Forum Archaeologiae - Zeitschrift für klassische Archäologie 8 / IX / 1998

Brinna Otto
Hoheitszeichen in der altkretischen Kunst

Im Gegensatz zu Äußerungen moderner Gelehrter, wonach die kretischen Paläste gesichtslos erschienen und alles fehle, was zur Identifizierung von Herrschern führen könnnte (G. Kopcke) oder wonach offenbar die Priesterschaft im bronzezeitlichen Kreta die regierende Klasse gewesen sei (N. Marinatos), spricht die antike Überlieferung von Königen wie Ammon, Asterios, Rhadamanthys, Sarpedon, Minos, Deukalion und Idomeneus.

Beachtet man das Zeugnis, das Depotfunde, Grabbeigaben, Siegelbilder, Terrakotten und Reliefs des bronzezeitlichen Kreta ablegen, so stellt man fest, daß folgende Gegenstände die Bedeutung von Hoheits- bzw. Würdezeichen hatten:

1. Die Wickelrobe. - 2. die Spitztiara. - 3. die Filzkappe. - 4. der lange Würdestab. - 5. der kurze Regentenstab. - 6. die Streitkeule. - 7. die Fensteraxt. - 8. die Lanze. - 9. Dolch oder Schwert. - 10. der Zeremonialwedel.

Abb. 7: Altpalastzeitlicher Terrakottakopf aus Raum 25 des Palastes von Phaistos (Umzeichnung nach L. Pernier, Il palazzo minoico di Festòs I (Rom 1935) Taf. XV)
Von diesen Hoheitszeichen verbinden der lange Würdestab und die Streitkeule Kreta mit Ägypten und dem Nahen Osten. Beide Hoheitszeichen sind dort in der Hand des Gottes wie auch des Königs nachweisbar. In der Zeit der zweiten Paläste Kretas wurde vom Nilland der Zeremonialwedel übernommen. Er gehört zu den Insignien des Pharaos, kann aber auch in der Hand eines Gottes erscheinen. Vom Nahen Osten kamen nach Kreta die Wickelrobe, die Spitztiara, die Filzkappe (Abb. 7), die Fensteraxt und der kurze Regentenstab. Sie treten dort als Attribute von Königen, Gottkönigen und Göttern wie Ischtar, Schamasch, Hadad und Reschep (Reschef) auf.

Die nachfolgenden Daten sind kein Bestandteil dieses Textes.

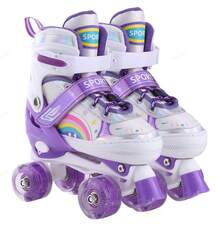 Patines de ruedas especializados para comercio electrónico transfronterizo para niños, ruedas de doble, conjunto completo para principiantes, patines para niños y niñas - Púrpura y blanco - Ver 6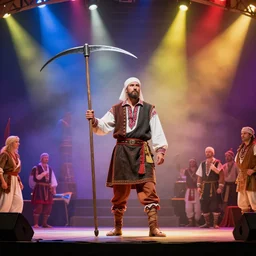 concept art, festival on a stage, man with scythe, traditional romanian clothing, dramatic lighting, beautiful, volumetric lighting, colorful, octane render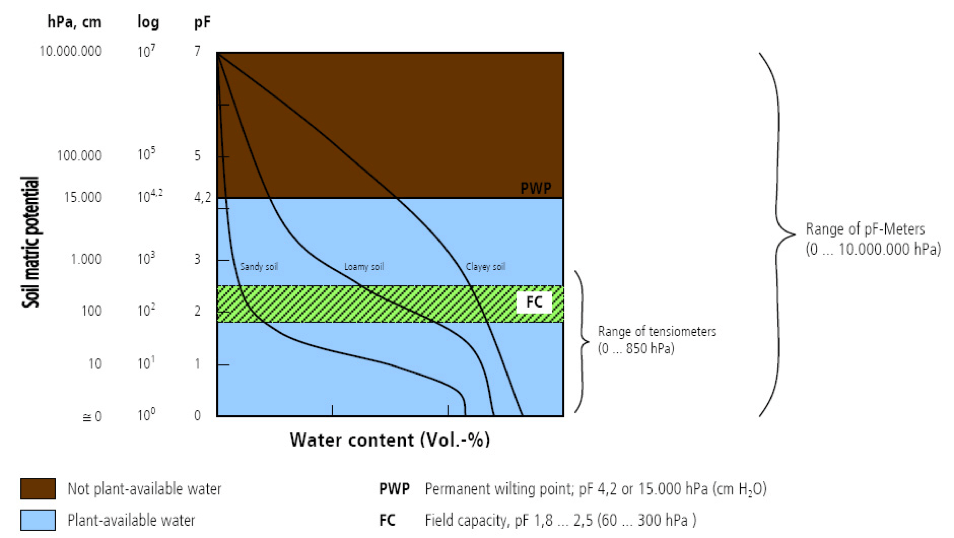 curva di ritenzione idrica del suolo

Daß ‘Götterszepter’ und ‘Götterwaffen’ auch im minoischen Kreta und im mykenischen Griechenland von Menschen hohen Standes getragen wurden, bezeugen die königlichen Grablegen von Isopata bei Knosos (Keulenkopf), von Vaphio (Fensteraxt) und von Mykene, wo sich im Gräberrund A (Schachtgrab IV) Goldbleche erhalten haben, die einst den langen Hoheitsstab umfingen.